(Supplied data Opens)
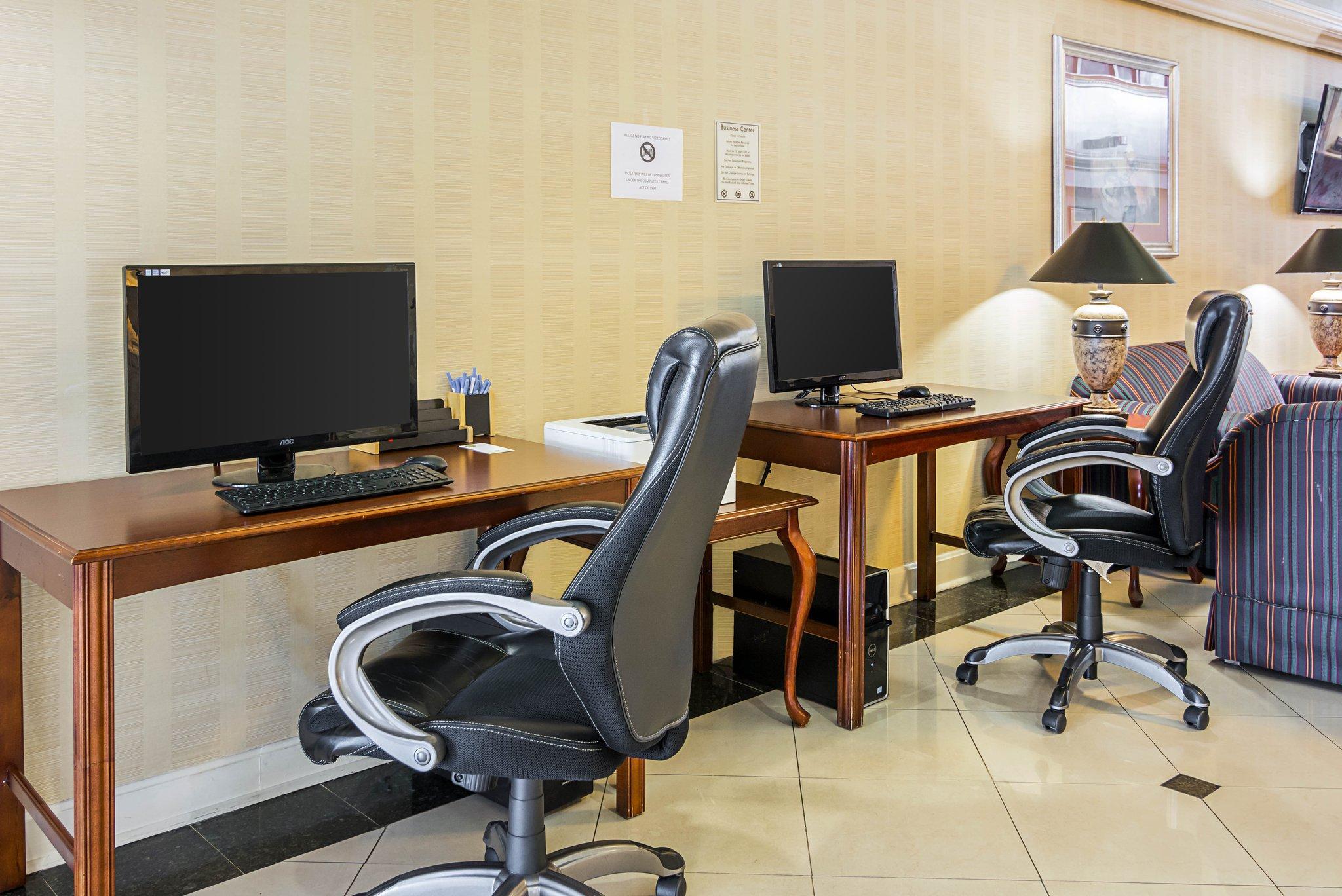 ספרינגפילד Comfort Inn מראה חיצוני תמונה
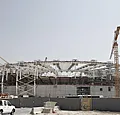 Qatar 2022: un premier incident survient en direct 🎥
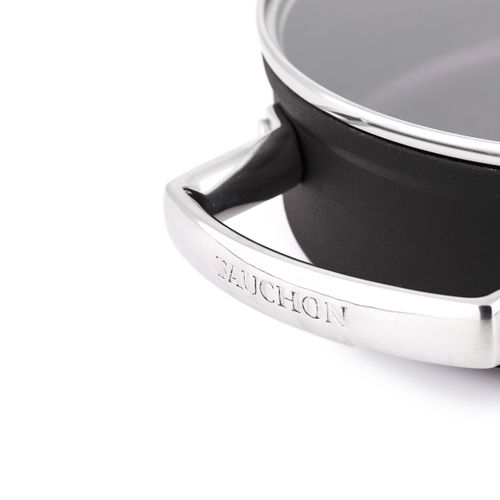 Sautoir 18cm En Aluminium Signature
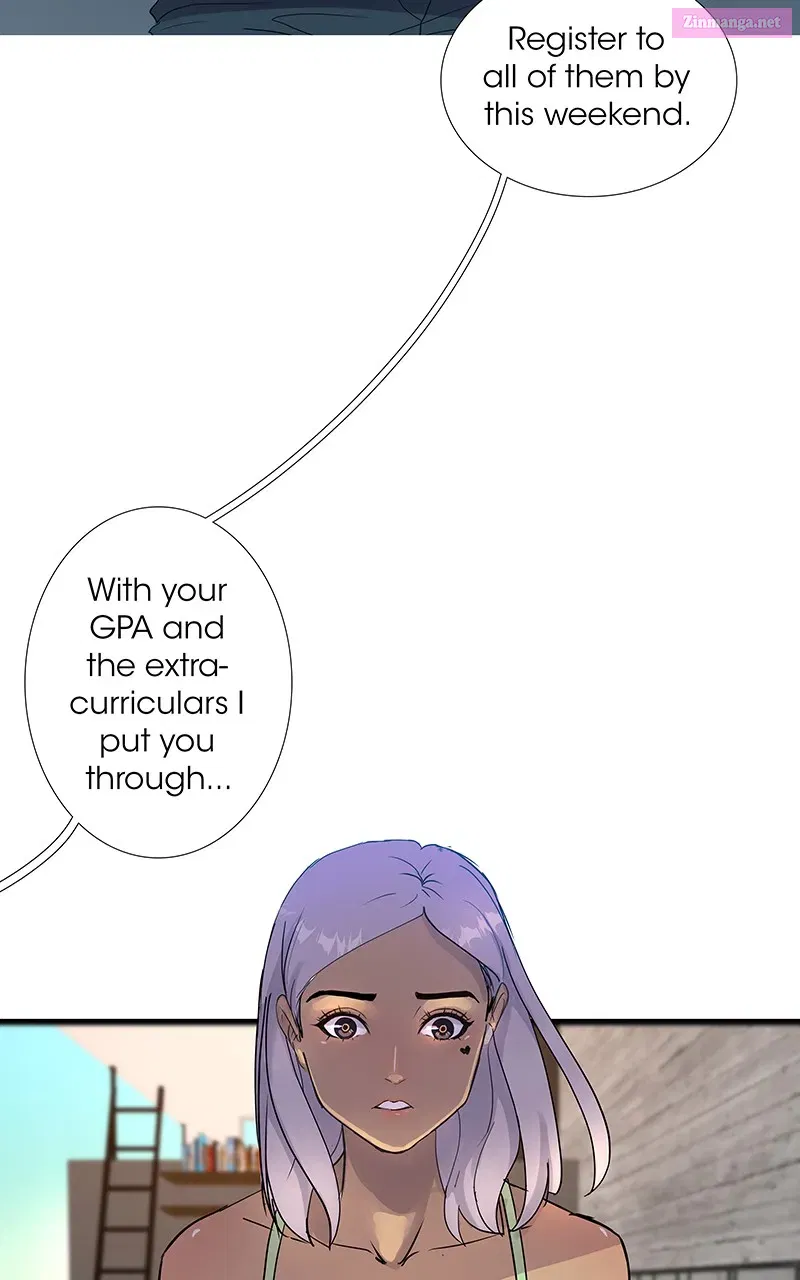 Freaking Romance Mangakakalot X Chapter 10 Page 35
(Supplied data Closes)
Task brief
Every line of the material must be returned exactly; leave the images out.

Written answer
 ספרינגפילד Comfort Inn מראה חיצוני תמונה
 Qatar 2022: un premier incident survient en direct 🎥
 Sautoir 18cm En Aluminium Signature
 Freaking Romance Mangakakalot X Chapter 10 Page 35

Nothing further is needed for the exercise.